World Rugby, the sport's world governing and law-making body, has already shown how compulsive live access to decision making in the 'corridors of power' can be with live coverage of the TMO's room and the multi-angle Hawk Eye technology they use to analyse replays of crucial decisions.
The International Hockey Federation (FIH) also understands the extra value this technology brings to existing and potential new audiences. It has invested in 4k Ultra HD and Hawk Eye SMART replay tech, giving fans, umpires and coaches the benefit of instant real-time, multi-view replays and analysis.
The objective of traditional sport sponsorships was simply to reach the maximum number of people. The fractured digital landscape has made that more difficult, so brands have shifted their focus on getting to know fans, in order to be able to target them with personalised messages based on their passions. To do that, they need access to customer data.
Consequently, Jez Clark the head at the leading marketing agency, Fuse revels, "Conversations we're having now around the grounding of deals are increasingly focused on access to data on the rights holder's audiences,".
He adds, "We have access to a broad range of tools to help us collect and understand the data and gain behavioural insights into how people are consuming and connecting with sport".

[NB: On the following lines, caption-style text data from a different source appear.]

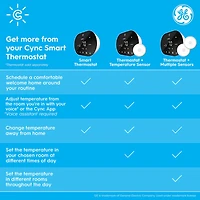 Thermostat Wi-Fi intelligent Cync de GE - Noir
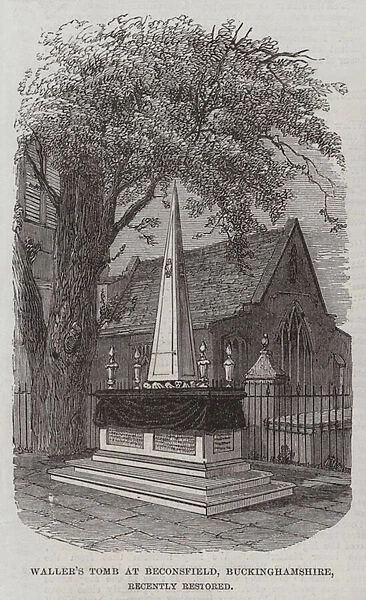 Wallers Tomb at Beaconsfield, Buckinghamshire, recently restored (engraving)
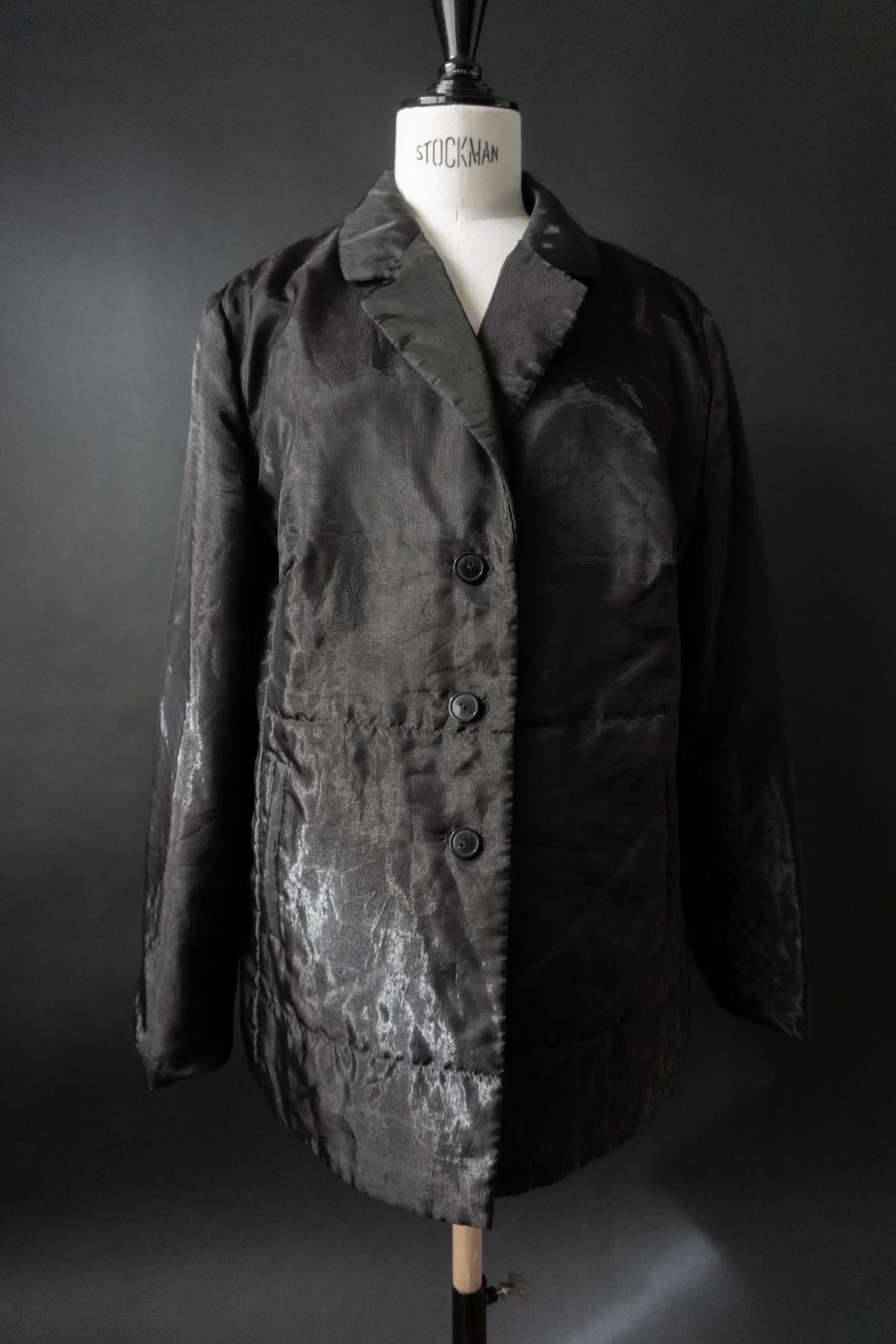 Vintage Organza Blazer, Schwarz, M–L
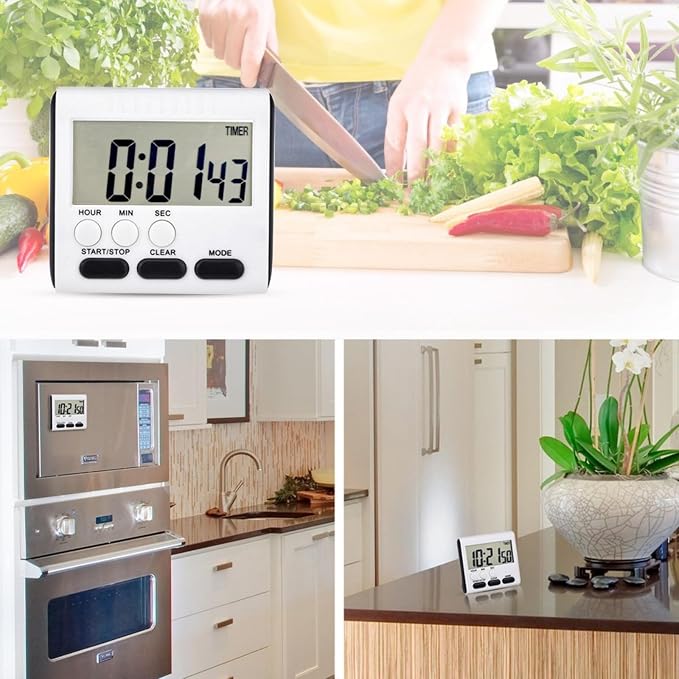 Xuhal 25 Pack 24 Hours Kitchen Timer with Alarm Magnetic Digital Clock Loud Alarm, Big Screen and Strong Magnet Manual Switching Count up or Down and Memory Function for Baking Sports Office Study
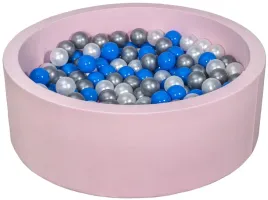 suchy-basen-dla-dziecka-z-pileczkami-200szt-rozowy-perlowy-niebieski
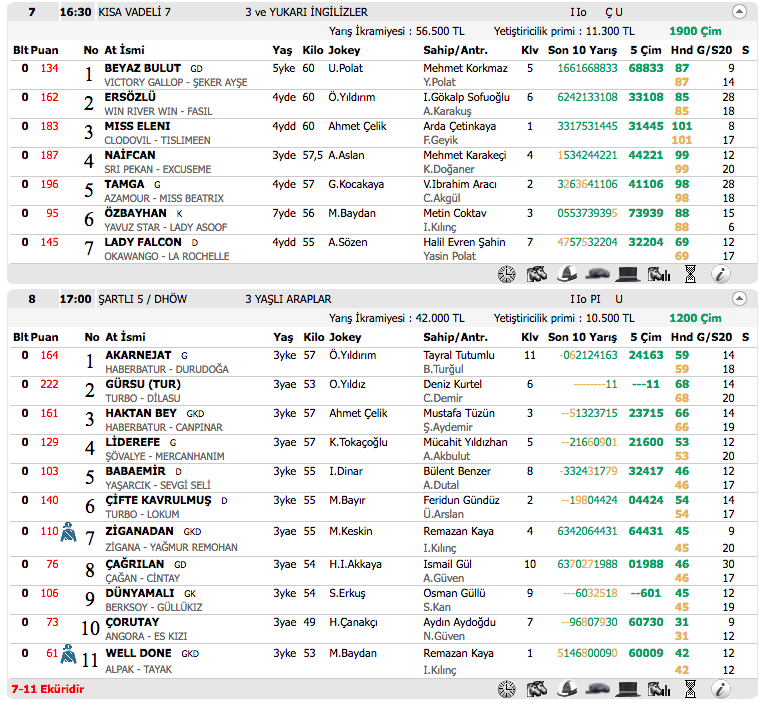 05 Kasım 2016 Cumartesi at yarışı bülteni ve tahminleri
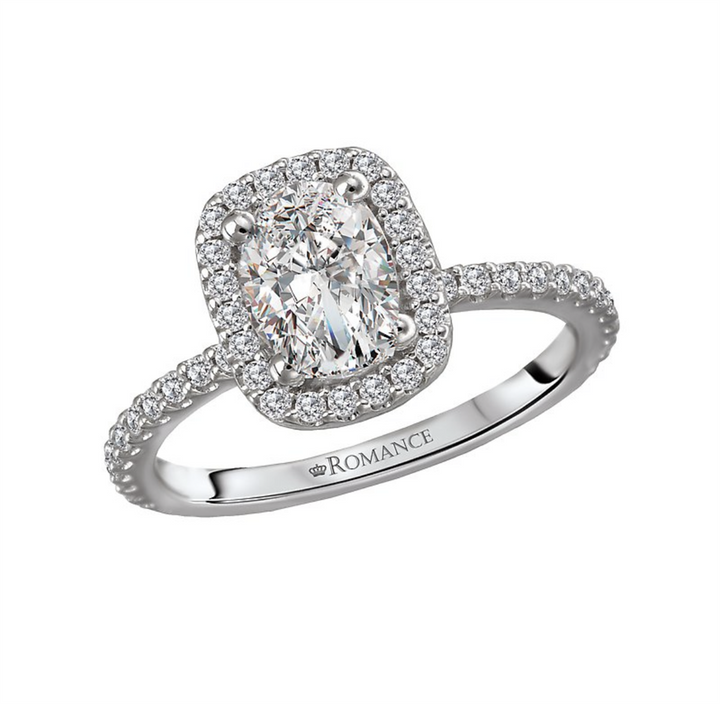 Halo Style Diamond Engagement Ring Sterling Silver White 
(Center Stone Not Included)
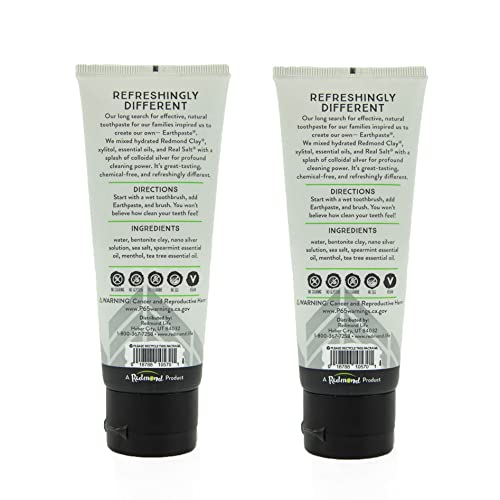 Redmond Earthpaste - All Natural Non-Fluoride Toothpaste, Unsweetened Spearmint 4 Ounce Tube (2 Pack) #TOP1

That deep knowledge of a rights holder's audience is incredibly valuable, enabling a sponsor to shape their offering to match each fan's demographics and personal interests, rather than producing one message that may only resonate with a fraction of its potential audience.
It's clear the sands have shifted dramatically, and sport is still moulding itself to the different demands of changing behaviour of its audience. Only with a flexible, multi-skilled and robust workforce will the industry be able to stay ahead of the game.